-- DATA --
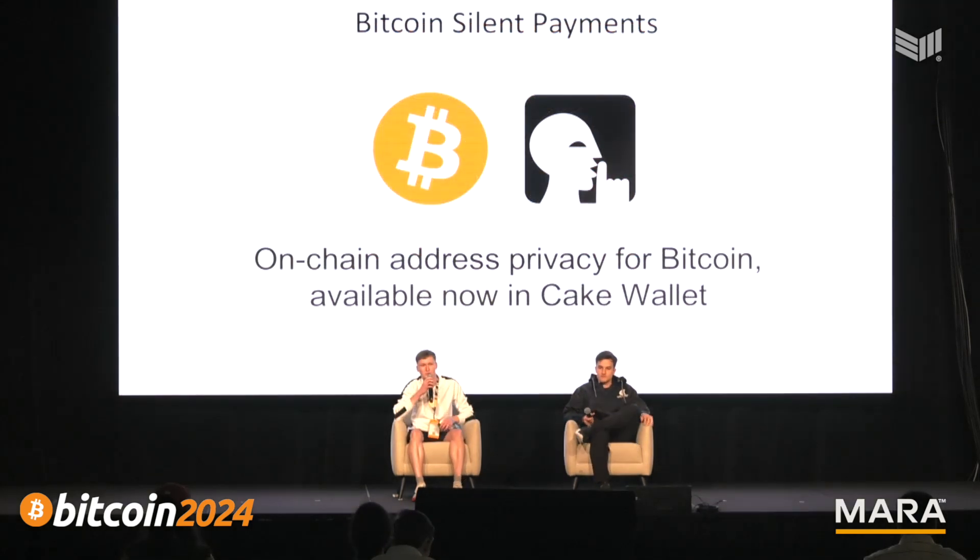Hey guys, my name is Tuxudo and this is Raphael. We work for Cake Wallet and over the past six months or so, have been working on implementing a big new Bitcoin privacy feature called Bitcoin Silent Payments. Bitcoin Silent Payments provides good on-chain address privacy for Bitcoin, which is now available inside Cake Wallet.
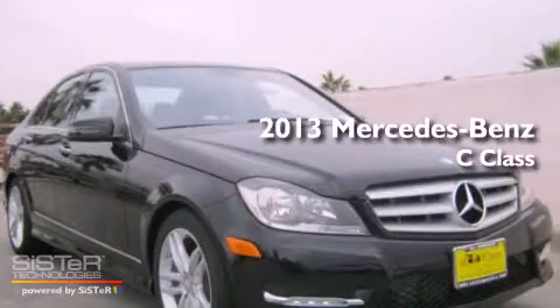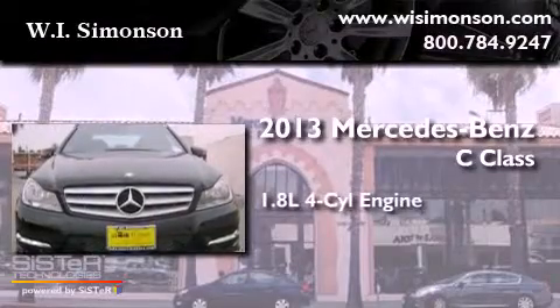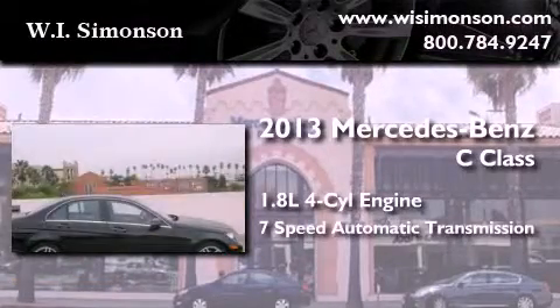This is a brand new 2013 Mercedes-Benz C-Class. It has a 1.8-liter 4-cylinder engine and a 7-speed automatic transmission.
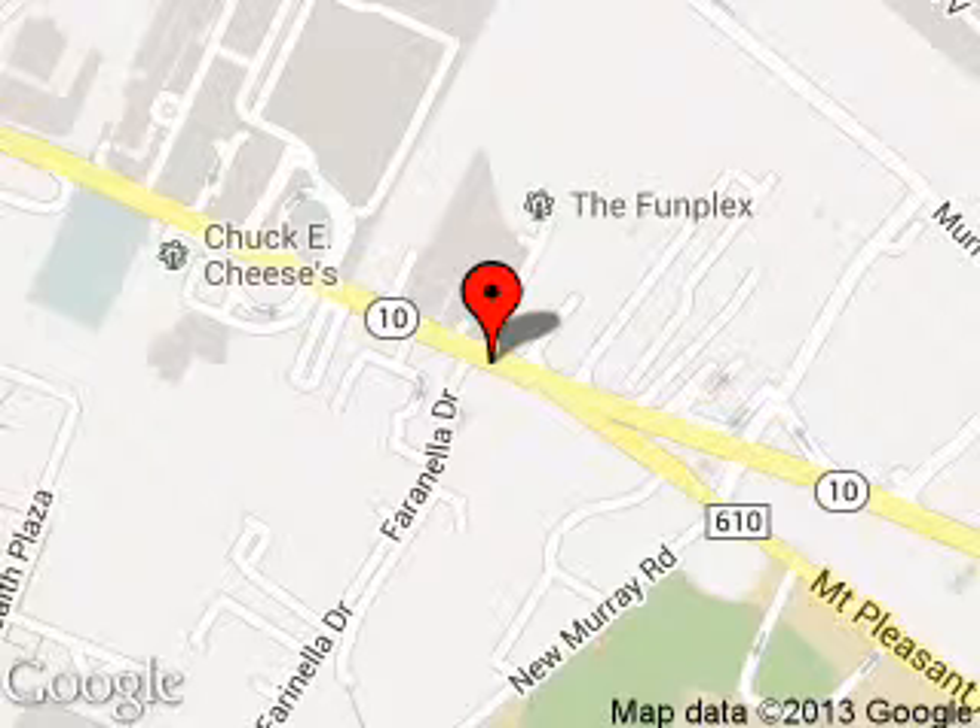We are located at 189 Route 10, East Hanover, New Jersey, 07963.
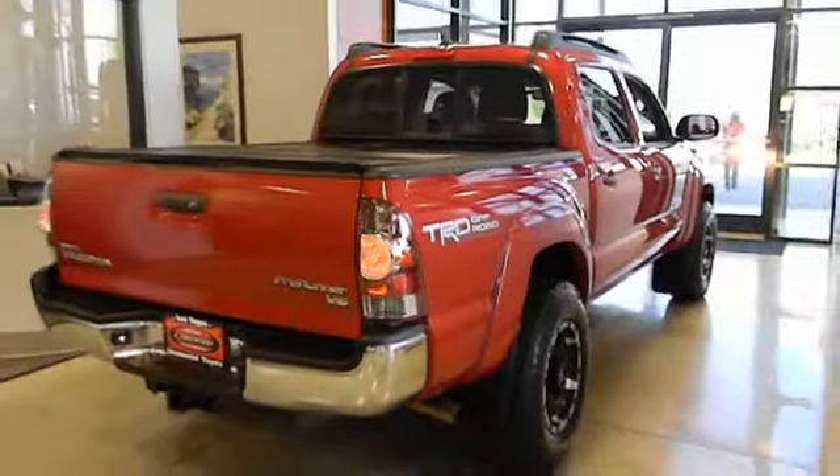This vehicle has less than 30,000 miles. Here are some of this vehicle's great options.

-- WHAT TO PRODUCE --
Reproduce the whole listing verbatim and keep all pictures out of it.

-- ANSWER BELOW --
Hey guys, my name is Tuxudo and this is Raphael. We work for Cake Wallet and over the past six months or so, have been working on implementing a big new Bitcoin privacy feature called Bitcoin Silent Payments. Bitcoin Silent Payments provides good on-chain address privacy for Bitcoin, which is now available inside Cake Wallet.
This is a brand new 2013 Mercedes-Benz C-Class. It has a 1.8-liter 4-cylinder engine and a 7-speed automatic transmission.
We are located at 189 Route 10, East Hanover, New Jersey, 07963.
This vehicle has less than 30,000 miles. Here are some of this vehicle's great options.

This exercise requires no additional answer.